For 67 years, he was Hampton Marshall Auld. But it wasn’t until that moment last summer that Auld realized he was a living monument to the confederacy.
He reflected on this moment in an opinion piece sent this week to The Capital and the Richmond Times-Dispatch in Virginia, where Auld worked as a library executive before he became the CEO of Anne Arundel County’s library system.
And he thought about it as he wrote a statement for the library on the killing of George Floyd and put together a list of books that tackle systemic racism.
His lifelong nickname is Skip but his namesake, Wade Hampton III, was a Confederate general. Auld shrugged that off when he learned about Hampton in college. He was the fourth generation of Hampton Aulds, so why question it?
“I just sort of ignored it for decades,” Auld said.
But on a drive home from work last July, the meaning of his name sunk in.
Auld popped in the audiobook CD of “Grant,” a biography of President Ulysses S. Grant, and was driving through Davidsonville as he listened to a section about Hampton.
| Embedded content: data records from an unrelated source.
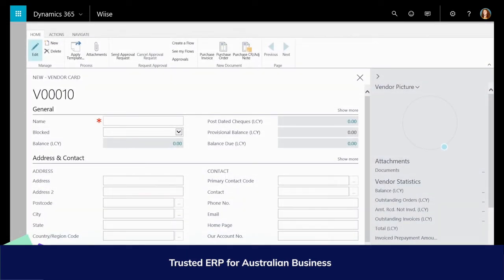This populates the default accounting details on the vendor card with the specifics from the template we chose. We will point each one of them out today in more detail later in the video. The vendor card is given an incremental number from the designated number series — here it is V10.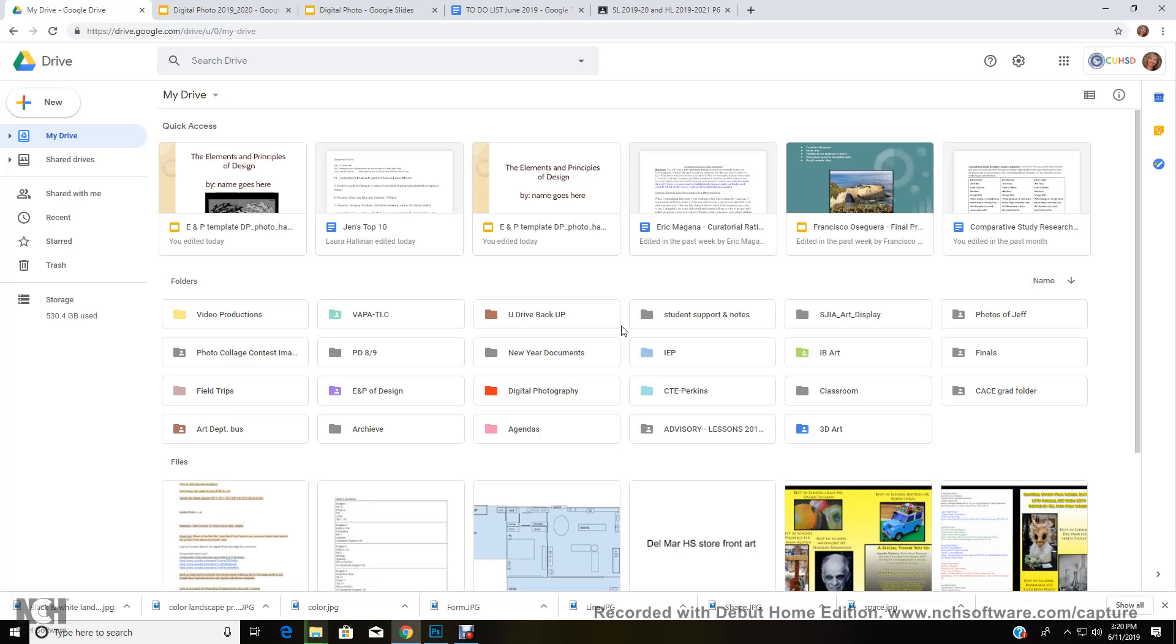Alright, students are always asking me how do I save my work, how do I turn it in? Well, that's going to be done on the Del Mar team drive. If you want to turn in work to me, this is how you do it.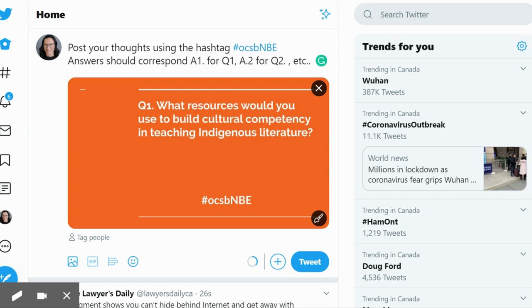Hello everyone, I'm here with the lovely and talented Stephanie Pearson and we're going to show you how to participate in a Twitter chat.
He learned that before he fought for the Confederacy, Wade Hampton III was one of the largest slaveholders in the South. After the war, Hampton led a white supremacy group called the Red Shirts that killed black people to deter them from voting. The group later merged into the Ku Klux Klan.
“My eyes got wider and wider and I actually pulled over and went to the beginning of that track and listened a second time,” Auld said.
“I immediately thought ‘I’m changing my name. I don’t want anything to do with that person.’ … It just hit me in my gut that this was not something I wanted to be associated with in any way.”
The next day, Auld filed paperwork with the Anne Arundel County Clerk of Court.
“I didn’t like the idea that I was named for a terrorist,” Auld said. He listed that as the reason for his name change.
To honor his family, he chose the first name Charles, his father’s middle name, and made his middle name Marshall, his mother’s maiden name. But he’ll still go by Skip.
“I just wanted to tear down the highly personal monument to the Confederacy in my own family history,” Auld wrote in his op-ed to The Capital.